Exercise directions
Give back exactly the lines from the "Ted Baker Herren-Sonnenbrille" line to the final line of the records, and only those, minus any pictures.

Exercise input
────────────────────────────────────────

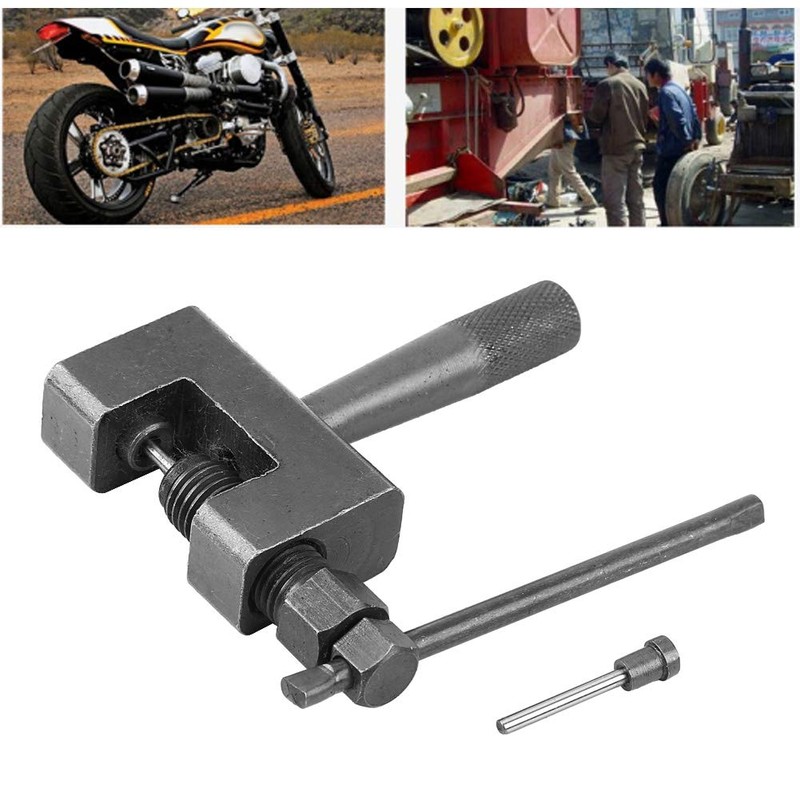 TKSE Motorcycle Chain Breaker, Motorcycle Bicycle ATV Chain Removal Breaker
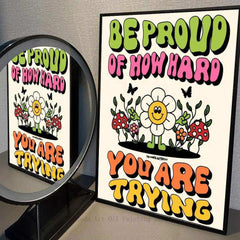 Proud Blooms Print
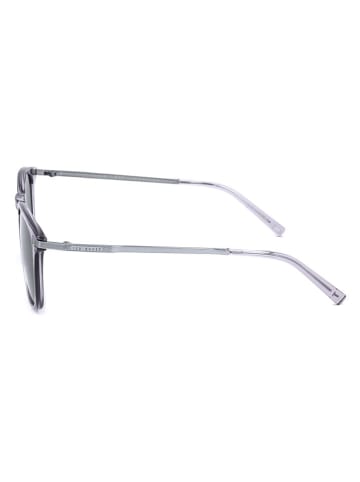 Ted Baker Herren-Sonnenbrille in Silber/ Grau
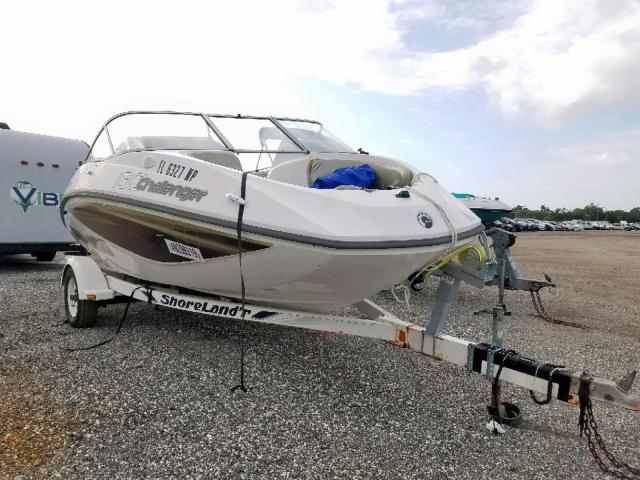 CEC19020D707 - 2007 SEAD BOAT WHITE photo 1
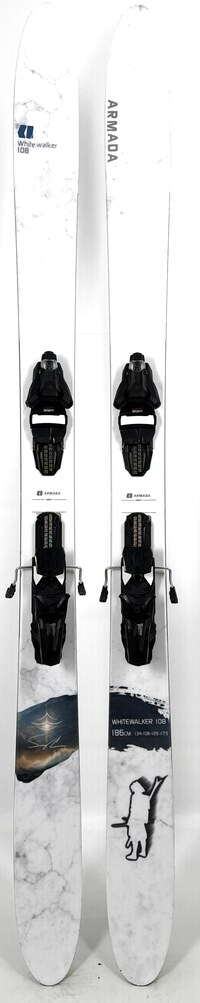 2027 Armada Whitewalker 108 Skis Topsheets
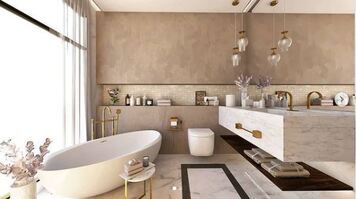 Online design Glamorous Bathroom by Ghania E. thumbnail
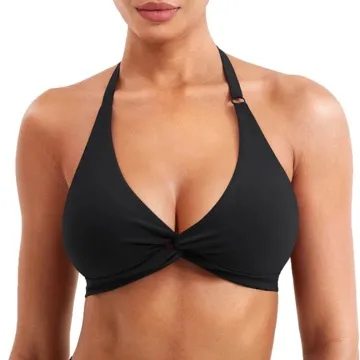LS-B0899 Women's Sports Bra in Purple, original product photograph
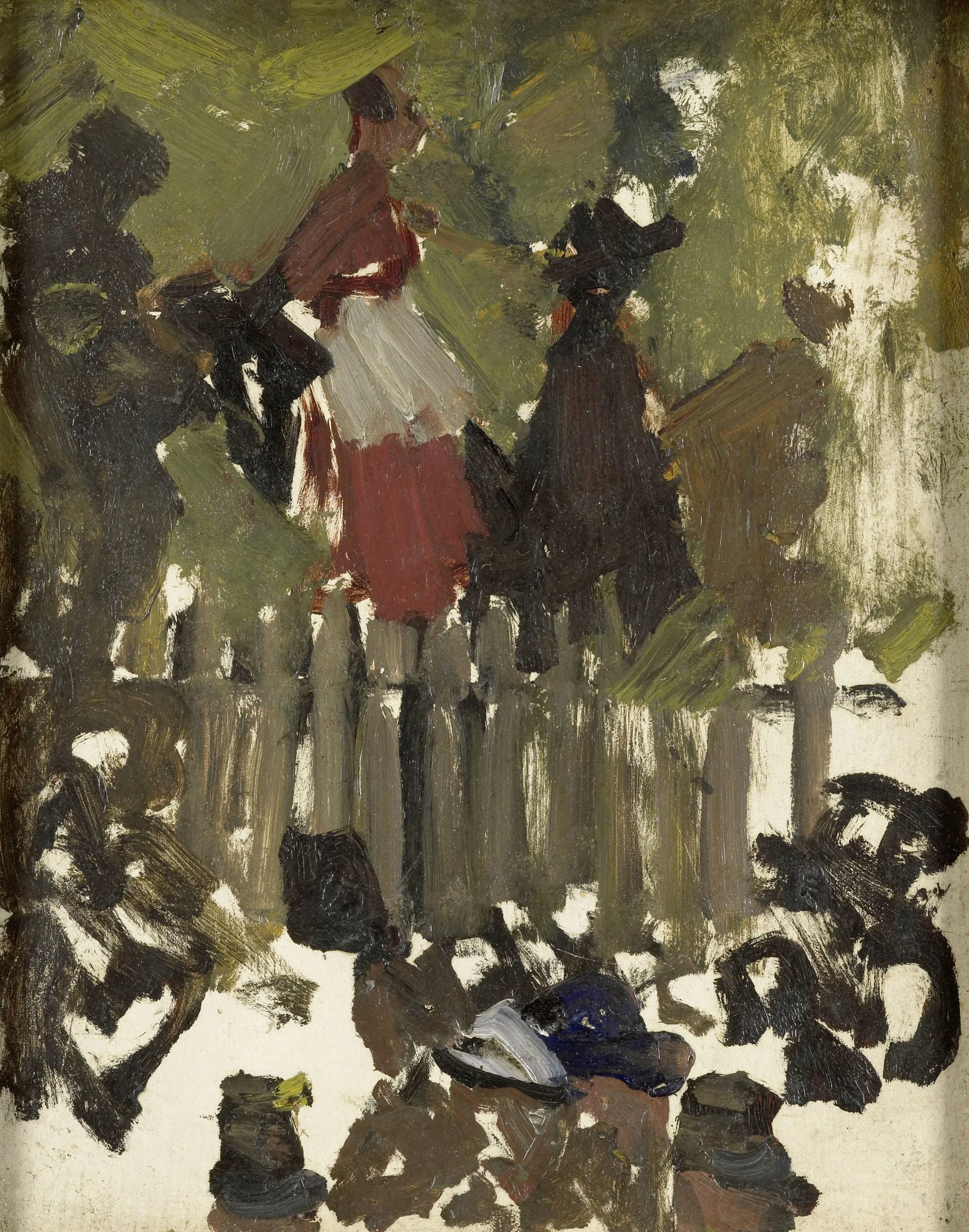 The Funfair – George Hendrik Breitner Vintage Art Print | Wall Art Poster
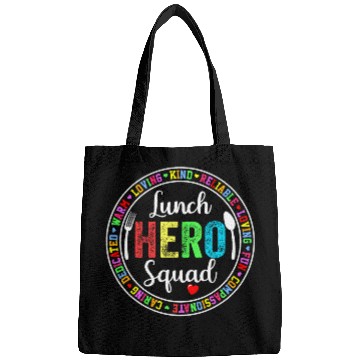Discover Lunch Hero Squad Lunch Lady School Cafeteria Worker Bags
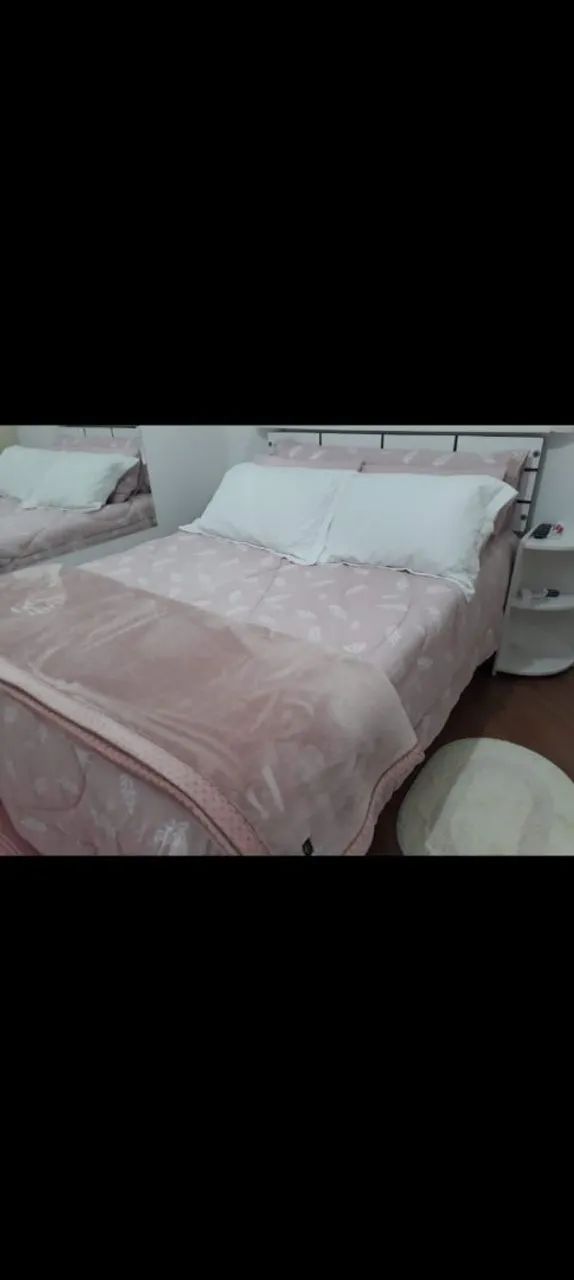 Cama box casal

────────────────────────────────────────

Written reply
 Ted Baker Herren-Sonnenbrille in Silber/ Grau
 CEC19020D707 - 2007 SEAD BOAT WHITE photo 1
 2027 Armada Whitewalker 108 Skis Topsheets
 Online design Glamorous Bathroom by Ghania E. thumbnail
LS-B0899 Women's Sports Bra in Purple, original product photograph
 The Funfair – George Hendrik Breitner Vintage Art Print | Wall Art Poster
Discover Lunch Hero Squad Lunch Lady School Cafeteria Worker Bags
 Cama box casal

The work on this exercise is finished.